Box Ruit Nepalese doctor hailed as a miracle man – handedly managed to return the view more than 100,000 people across the two continents. And all you need is a simple procedure that takes no more than five minutes!
According to statistics from the World Health Organization, 90 percent of blind people in the world live in low-income areas, and 80 percent of them suffer from a condition that is easily treatable.
However, due to poverty and limited access to public health services access, are unable to afford treatment.
Ruit Fund, which is convinced that the world’s poorest people deserve quality care for your eyes, treating these people became the mission of his life. Thus, it came a quick five-minute technique that allows you to treat a large number of patients in a short period of time.
His ingenious technique involves a small incision in the patient’s eye through which diffracted blurred cataract that interferes with vision. Then insert a cheap artificial lens.
Its operation has already been performed on a large number of poor patients around the world, and he also explained a number of eye surgeons hoping to cure as many people as possible blind.
Exemplary doctor dedicated his life to its holistic approach to treating the eye. He drives a called Tilganga eye hospital in Kathmandu, which it started in 1994 in collaboration with the Australian ophthalmologist Fred Haoolowsom afternoon and philanthropist.
In addition to providing eye care residents first class of Nepal, hospital products and superior lenses that are used to treat cataracts or myopia. These lenses are exported to 30 countries around the world.
For patients who are unable to reach the hospital, Ruit and his team regularly conducts mobile “eye camps” in remote areas of Nepal and neighboring countries.
His team knows to walk for days, working in tents, classrooms and even barns used as a makeshift operating room.

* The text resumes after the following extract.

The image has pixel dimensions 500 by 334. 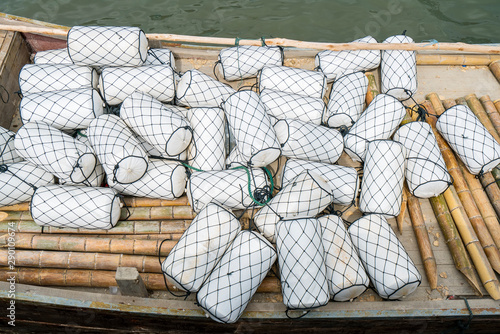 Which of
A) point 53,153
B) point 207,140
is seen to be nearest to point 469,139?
point 207,140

The most emotional part of the process is the day after surgery. – The return of vision, coupled with expressions of relief and joy, a very painful for all involved
Australian photographer Michael Amendolia, which captures this mobile eye hospital since early 1990, published some of the most memorable photos to mark the 20th anniversary Tilanga.
The images show scenes of pure joy and immense gratitude to the people who returned the gift of sight.
One of the most poignant images in the photo collection Amendolia is 80-year-old North Korean who sees his son for the first time in 10 years.
“Of course, the man who underwent surgery experienced a great relief because it can see you again, but his whole family at once has a member who can participate again in everything that is happening at home, “says Amendolia.
Ruit says it is working with a sense of urgency to help many patients. He grew up in a small village, away in the Himalayas – the nearest school was a week walk
Her sister died of tuberculosis when he was only 17 years and a terrible loss has made you choose the path of service to others.
“I am very grateful that I can make a difference in the lives of so many people,” says Ruit, with the nickname “God of vision”.
And today, at the age of 59, who still believes that much remains to be done, says CNN.